Un evento simile non ha davvero lasciato strascichi?
«Si è accentuato uno dei fenomeni patogeni più diffusi alle nostre latitudini: la mancanza di relazioni orizzontali. Sono venuti meno quei piccoli rapporti umani alla base del tessuto sociale che possono consumarsi per strada, su un bus o dal panettiere. ». 

La gente non soffre per questo?
«Uno dei problemi che incontro più spesso è la solitudine, il sentimento di essere completamente isolati dalle cose del mondo. È molto diffuso da noi, meno ad altre latitudini. Ciò non perché la gente sia cattiva, ma perché è più bloccata, meno abituata a questo tipo di micro rapporti sociali. La realtà dell'altro viene vista un po' come una minaccia. Se incontro per strada qualcuno che sta male, ho timore a fermarmi per chiedere se ha bisogno di aiuto. Temo di essere coinvolto in qualcosa di inatteso. Questo magari perché ho già una programmazione della giornata molto serrata, quindi l'altro è sempre un intruso, al quale non ho tempo da dedicare». 

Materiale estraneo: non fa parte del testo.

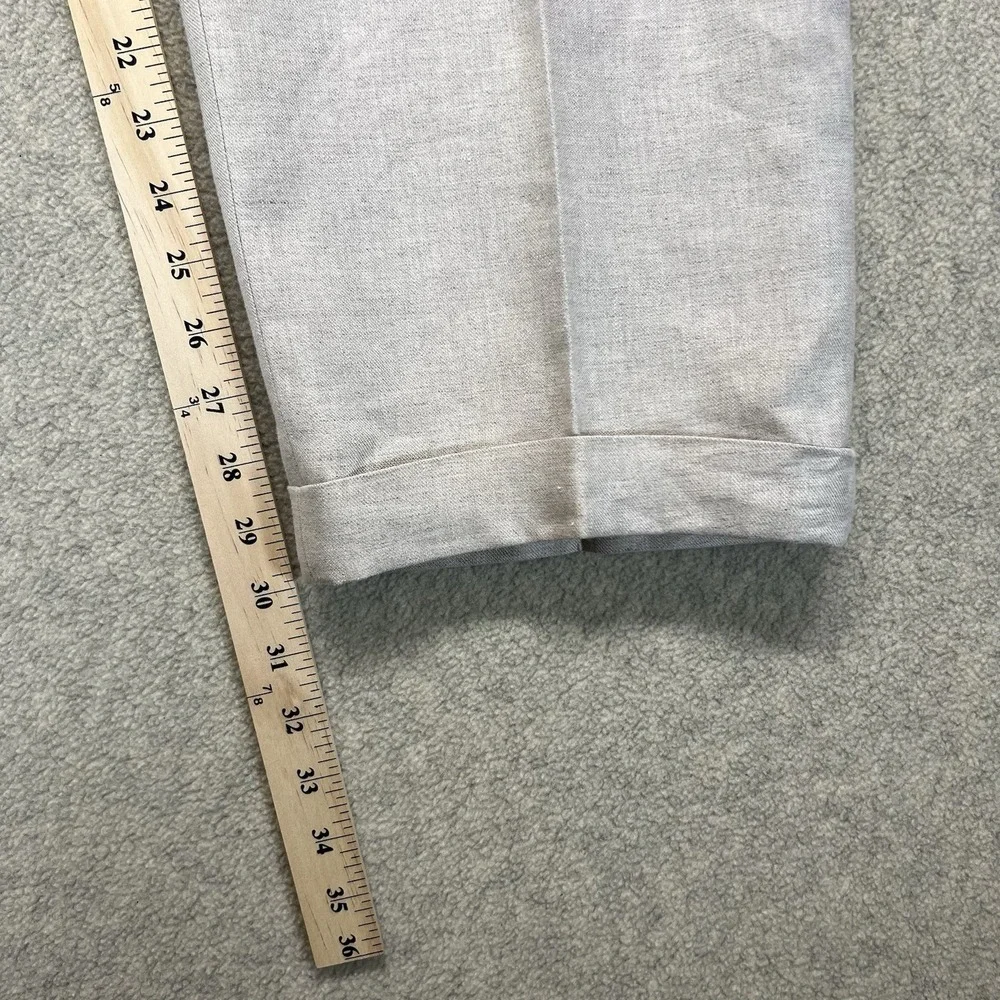 Bullock & Jones Mens Linen Pleated Dress Pants Beige Tan Cuffed Size‎ 36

Le nuove generazioni, inoltre, vedono il mondo esterno filtrato dai device e i social network. Tutto ciò che non piace può essere "skippato" o nascosto. 
«Tutto ciò che non produce piacere può essere "eliminato", bypassato. Un mio paziente mi diceva: "Amo le donne, ma il loro corpo mi disturba". Insomma preferiva una sessualità virtuale piuttosto che avere a che fare con il corpo reale di una donna. Siamo all'inizio di una realtà umana problematica, come minimo».

Il Giappone, con i suoi "hikikomori", ha in qualche modo anticipato i tempi?
«Sembrerebbe di sì. Sono patologie giovanili che iniziano a manifestarsi anche da noi, si stanno diffondendo e sono molto difficili curare, in quanto espressione patologica di una società che è costruita da tutti».

Qual è l'antidoto? 
«Riabilitare la materia viva dell'altro costituita dal rapporto umano fisico, reale. Non online, ma - come si dice oggi - in presenza». 

 

*Con il termine hikikomori si intende una particolare sindrome che colpisce giovani e giovanissimi. “Stare in disparte, isolarsi” è il significato della parola hikikomori, termine giapponese che deriva dal verbo hiku (tirare indietro) e komoru (ritirarsi).